It seems I always have so many ideas rolling around in my head, (awesome ideas, mind you) without the real motivation to accomplish them. This really irritates me about myself and I really don't know where I inherited this trait. My mom, she's a doer. Even if she procrastinates, she still gets the job done, and done well. Although, she does leave some projects at the wayside (the green afghan for Ryan she never finished but kept lying around for years and years [do you still have that thing mom?]) but really for the most part, of thought of my mom as one who gets things done. Honestly, I think both of my parents and my brother have far more ambition than I do. I'm hoping I'm just being overly critical of myself... hoping.
I want to do so much more. I feel like I'm being called to so much more. I don't believe that where I am is where I should be. I don't mean location wise, although I hope that part of my life does change soon, I am talking about in my overall participation in this game of life. I know that God has given me much. He has given me many talents, many great qualities, and a wonderful family. Yet I just feel stuck in a rut. There is a lot holding me back and I'm trying to figure out why. It's probably because of my spiritual walk... or hibernation is probably the better word. It's one of those things I kind of drift in and out of. I think that can be said for many Christians, but I don't want to be one of them. I do find it difficult though. I especially have a hard time when things get really tough, like they are right now, keeping faith and trusting that God will carry me through. He always does... I mean, I may not have the lifestyle I want, but I can't say that I've ever been out on the street. Even though we have had major struggles financially, we've been blessed with family who has been there to help us through it. I can't tell you the number of times I have considered where we would be if we didn't have that support system in our lives. It's a scary thing to consider.
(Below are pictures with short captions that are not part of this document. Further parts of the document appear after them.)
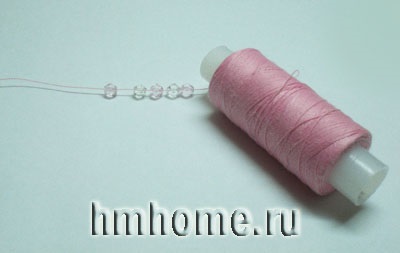 Rózsaszín fülbevaló a ganutel technikájában - házi kézzel készített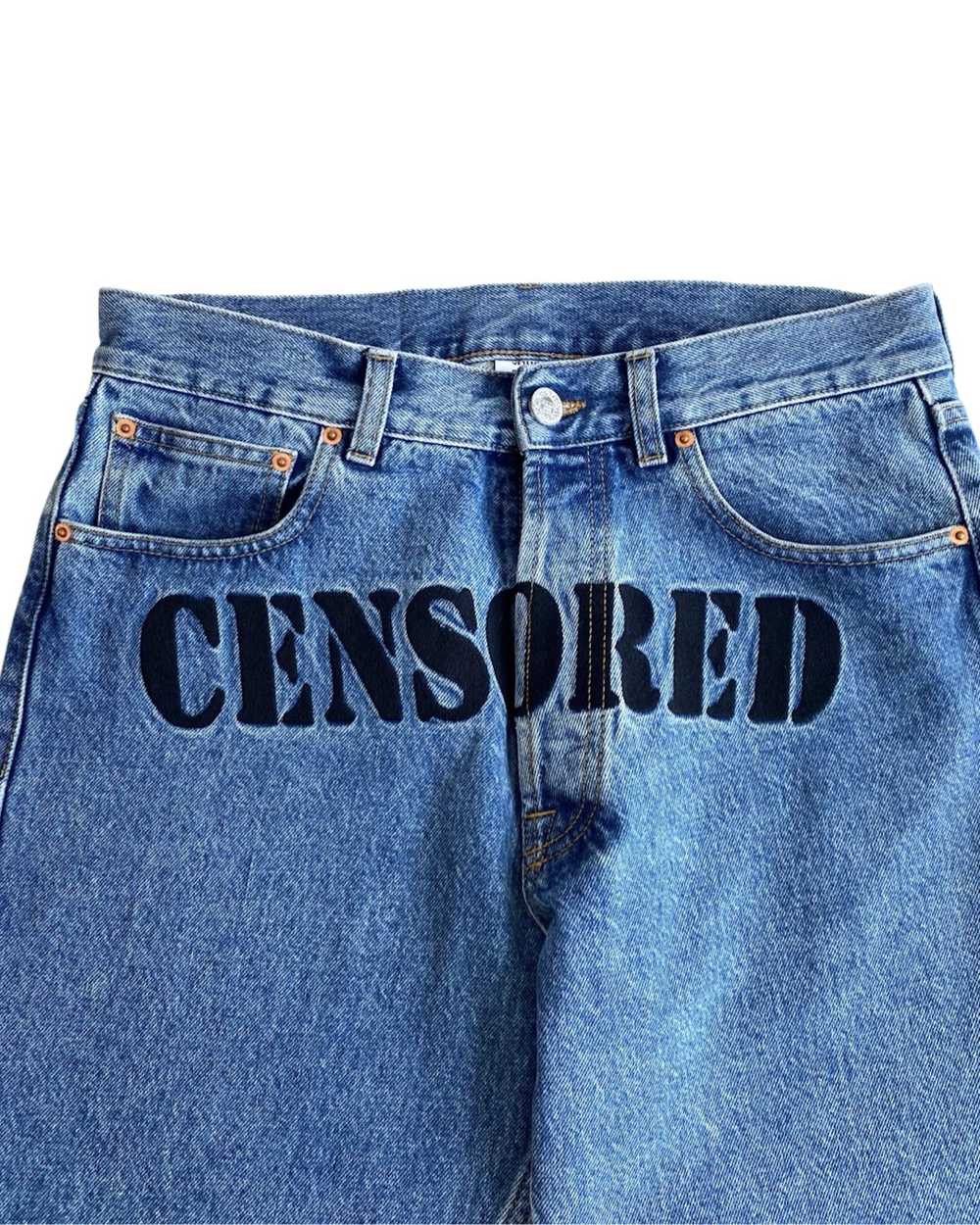 Vetements Vetements CENSORED Denim Jeans - image 3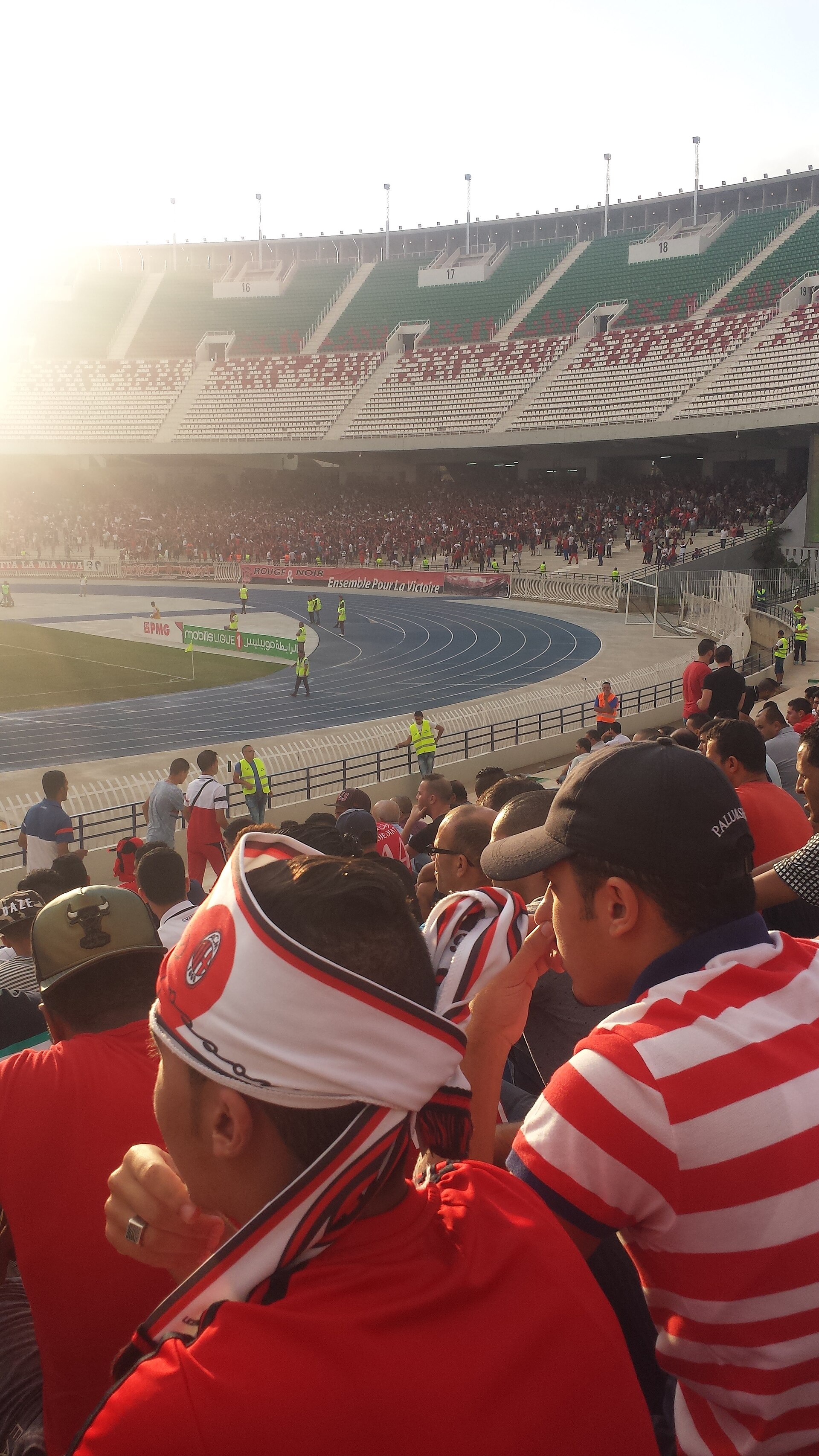 A meeting between USM Alger and CR Belouizdad 2016-2017 season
Anyway, I'm not trying to be depressing. I'm just being reflective and really I guess just reaching out for encouragement. I feel like I could really use it right now. It's hard to be push through a depressing area of your life when you really can't see even a pinpoint of light at the end of that tunnel. That's really where I feel I am at right now, just completely lost in darkness. I'm praying, I'm listening to encouraging sermons on podcasts, I'm meditating on scripture, I'm trying so hard to trust in the Lord with all my heart. But it is hard. Why is it so hard? I really do hate having to remind myself that God uses these times in our life to teach us, to grow us...
sigh... this was actually meant to be a positive post, but I guess it had a mind of it's own :) well I better go. Just felt good to get that out. Love to all.